Marcy Avenue is a station on the BMT Jamaica Line of the New York City Subway. Located at the intersection of Marcy Avenue and Broadway in Brooklyn, it is served by the J train at all times, the M train at all times except late nights, and the Z train during rush hours in the peak direction.

History[edit]

Marcy Avenue opened on 25 June 1888 as a part of the Broadway Elevated, one of the first elevated lines in New York City. Trains traveled westbound to the Broadway Ferry terminal on the East River in Brooklyn and eastbound services ran to Canarsie (this routing is no longer used due to the later building of the Canarsie Line) and a connection over the Williamsburg Bridge to Delancey Street/Essex Street in Manhattan opened in 1908.[2] In 1913, trains were extended further down the newly opened Nassau Street Line to Chambers Street. A year later, a connection was built to allow Myrtle Avenue trains to run on the Broadway Elevated.

The Dual Contracts expansion projects radically changed operations at Marcy Avenue. A third track was added, allowing trains to run express, although the track remains as a stub-end at Marcy Avenue for storage and turn-arounds. The Contracts also provided for the merger of the Jamaica Line from Broadway Junction to 168th Street with the Broadway Elevated, in turn making the Broadway Elevated part of the Jamaica Line and giving trains three eastern terminals.

The BMT gave its train routes numbers in 1924 and denoted Myrtle Avenue trains as "10," Canarsie trains as "14," and Jamaica trains as "15," all of which stopped at Marcy Avenue at all times. Four years later, the 14th Street–Eastern District Line merged with the Canarsie Line and the connection between the latter and the Jamaica Line was discontinued, cutting the 14 back to Eastern Parkway in the process. After the completion of the Nassau Street Line, the 15 was extended to Broad Street and the 14 ended at Canal Street. When the BMT lines were renamed alphabetically in the 1960s, the 10 became the M, the 14 became the KK, and the 15 became the J (express) and JJ (local).

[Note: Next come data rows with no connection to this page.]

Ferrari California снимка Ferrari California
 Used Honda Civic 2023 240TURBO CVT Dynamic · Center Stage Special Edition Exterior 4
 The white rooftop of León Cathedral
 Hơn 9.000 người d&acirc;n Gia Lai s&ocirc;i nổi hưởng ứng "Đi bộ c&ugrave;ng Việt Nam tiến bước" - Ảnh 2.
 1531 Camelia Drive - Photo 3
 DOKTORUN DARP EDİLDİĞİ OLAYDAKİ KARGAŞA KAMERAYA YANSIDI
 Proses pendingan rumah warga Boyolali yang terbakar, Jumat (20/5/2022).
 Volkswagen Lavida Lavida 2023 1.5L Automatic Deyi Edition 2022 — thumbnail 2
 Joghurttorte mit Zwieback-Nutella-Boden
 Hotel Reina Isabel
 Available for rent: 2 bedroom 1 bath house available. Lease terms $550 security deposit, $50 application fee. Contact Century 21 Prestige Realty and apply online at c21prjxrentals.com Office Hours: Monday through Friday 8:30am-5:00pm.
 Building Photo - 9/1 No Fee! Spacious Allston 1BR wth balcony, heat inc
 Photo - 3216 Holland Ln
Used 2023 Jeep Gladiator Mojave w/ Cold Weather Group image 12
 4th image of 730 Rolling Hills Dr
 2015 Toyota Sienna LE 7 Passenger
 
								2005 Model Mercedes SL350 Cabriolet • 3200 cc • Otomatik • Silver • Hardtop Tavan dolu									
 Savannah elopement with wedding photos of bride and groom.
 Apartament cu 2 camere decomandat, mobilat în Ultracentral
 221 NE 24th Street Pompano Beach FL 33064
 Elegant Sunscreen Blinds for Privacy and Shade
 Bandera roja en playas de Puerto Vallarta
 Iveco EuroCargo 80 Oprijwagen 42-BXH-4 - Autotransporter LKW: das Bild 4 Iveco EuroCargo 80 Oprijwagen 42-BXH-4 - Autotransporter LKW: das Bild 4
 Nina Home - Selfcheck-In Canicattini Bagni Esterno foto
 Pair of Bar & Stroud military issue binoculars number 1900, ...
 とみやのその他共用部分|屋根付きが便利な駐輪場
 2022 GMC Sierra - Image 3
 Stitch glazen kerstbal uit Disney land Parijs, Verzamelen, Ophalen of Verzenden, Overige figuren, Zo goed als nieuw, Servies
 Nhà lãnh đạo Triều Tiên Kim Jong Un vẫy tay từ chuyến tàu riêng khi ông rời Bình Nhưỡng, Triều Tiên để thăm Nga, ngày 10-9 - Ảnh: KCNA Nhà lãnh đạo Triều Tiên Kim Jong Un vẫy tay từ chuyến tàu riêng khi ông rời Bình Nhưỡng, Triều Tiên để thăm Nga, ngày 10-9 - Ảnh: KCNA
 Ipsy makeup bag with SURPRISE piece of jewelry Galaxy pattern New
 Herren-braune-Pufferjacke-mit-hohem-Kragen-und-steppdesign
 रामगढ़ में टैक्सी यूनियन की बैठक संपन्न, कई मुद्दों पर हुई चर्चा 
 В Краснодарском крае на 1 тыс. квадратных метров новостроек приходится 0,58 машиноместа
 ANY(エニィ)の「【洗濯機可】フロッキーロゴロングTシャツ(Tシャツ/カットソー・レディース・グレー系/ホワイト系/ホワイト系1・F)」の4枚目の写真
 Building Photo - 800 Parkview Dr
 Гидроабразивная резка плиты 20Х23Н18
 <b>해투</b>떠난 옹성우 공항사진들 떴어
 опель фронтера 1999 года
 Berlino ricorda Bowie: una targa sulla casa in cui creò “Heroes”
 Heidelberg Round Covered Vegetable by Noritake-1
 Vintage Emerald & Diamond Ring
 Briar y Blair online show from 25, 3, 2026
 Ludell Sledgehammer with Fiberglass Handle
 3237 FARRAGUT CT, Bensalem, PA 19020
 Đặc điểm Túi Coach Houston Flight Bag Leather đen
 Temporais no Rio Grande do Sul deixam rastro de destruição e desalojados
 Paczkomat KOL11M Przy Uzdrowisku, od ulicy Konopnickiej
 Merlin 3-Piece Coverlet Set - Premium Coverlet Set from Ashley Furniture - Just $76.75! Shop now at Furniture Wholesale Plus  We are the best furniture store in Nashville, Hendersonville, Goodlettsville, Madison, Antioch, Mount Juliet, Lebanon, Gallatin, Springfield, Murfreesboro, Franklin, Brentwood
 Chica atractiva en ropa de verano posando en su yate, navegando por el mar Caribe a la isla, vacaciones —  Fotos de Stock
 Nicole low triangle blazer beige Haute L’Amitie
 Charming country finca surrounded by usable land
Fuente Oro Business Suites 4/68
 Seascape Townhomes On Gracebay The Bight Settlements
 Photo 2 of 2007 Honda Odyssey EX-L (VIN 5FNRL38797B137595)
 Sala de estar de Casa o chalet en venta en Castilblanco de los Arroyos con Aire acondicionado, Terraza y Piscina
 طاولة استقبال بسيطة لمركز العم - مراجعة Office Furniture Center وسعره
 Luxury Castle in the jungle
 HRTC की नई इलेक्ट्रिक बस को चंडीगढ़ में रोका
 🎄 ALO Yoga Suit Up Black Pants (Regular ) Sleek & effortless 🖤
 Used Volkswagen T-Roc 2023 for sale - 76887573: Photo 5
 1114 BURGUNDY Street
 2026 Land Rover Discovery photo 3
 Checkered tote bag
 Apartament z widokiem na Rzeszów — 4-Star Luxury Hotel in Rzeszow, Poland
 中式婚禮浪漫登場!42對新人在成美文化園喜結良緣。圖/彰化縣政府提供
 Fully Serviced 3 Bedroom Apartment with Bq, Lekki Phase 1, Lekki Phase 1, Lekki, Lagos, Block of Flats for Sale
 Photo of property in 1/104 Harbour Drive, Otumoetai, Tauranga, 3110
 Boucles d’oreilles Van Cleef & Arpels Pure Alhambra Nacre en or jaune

Service remained constant until the Chrystie Street Connection opened on 26 November 1967, causing a number of service changes and additions. The JJ absorbed the KK and ran to both Canal Street and Broad Street and then further extended to Atlantic Avenue – Pacific Street. The J was then extended down to the Brighton Line via the Montague Street Tunnel and merged with the QT to form the QJ to Brighton Beach. The KK was re-introduced in 1968 to travel up the IND Sixth Avenue Line to 57th Street, replacing JJ service. Most of these services were eliminated in the 1970s because of financial issues; the first major cutback occurred when the QJ was reduced to Broad Street and relabeled as the J. The KK was renamed the K and stopped running entirely in 1976. The M was truncated to Chambers Street. The Z was established in 1988 for rush hour trains in a skip-stop pattern along with the J, a pattern that does not affect Marcy Avenue.

When the Williamsburg Bridge was closed for reconstruction in 1999, a temporary platform was placed over the middle track as this was the terminal for M trains during that time.

Station layout[edit]

P
Platforms
Side platform, doors will open on the right Handicapped/disabled access
Westbound[3] NYCS J toward Broad Street weekdays, Chambers Street weekends (Essex Street)
NYCS M toward Forest Hills – 71st Avenue weekdays, Essex Street weekends (Essex Street)
NYCS Z toward Broad Street (Essex Street)
Stub-end center track No passenger service
Eastbound[3] NYCS J toward Jamaica Center – Parsons/Archer (Myrtle Avenue rush hours, Hewes Street other times)
NYCS M toward Middle Village – Metropolitan Avenue execpt late nights (Hewes Street)
NYCS Z toward Jamaica Center – Parsons/Archer rush hours (Myrtle Avenue)
Side platform, doors will open on the right Handicapped/disabled access
G Street Level Exit / Entrance
Handicapped/disabled access (Elevator for outbound service at SW corner of Marcy Avenue and Broadway; elevator for inbound service at NW corner)

This station has two side platforms and three tracks and is the westernmost station on the Jamaica Line. The center track dead ends at the west end at a bumper block and is unusable for service. Both platforms have beige windscreens and red canopies with green frames that run along the entire length except for a section at the southeast (railroad south), where they have waist-high black steel fences.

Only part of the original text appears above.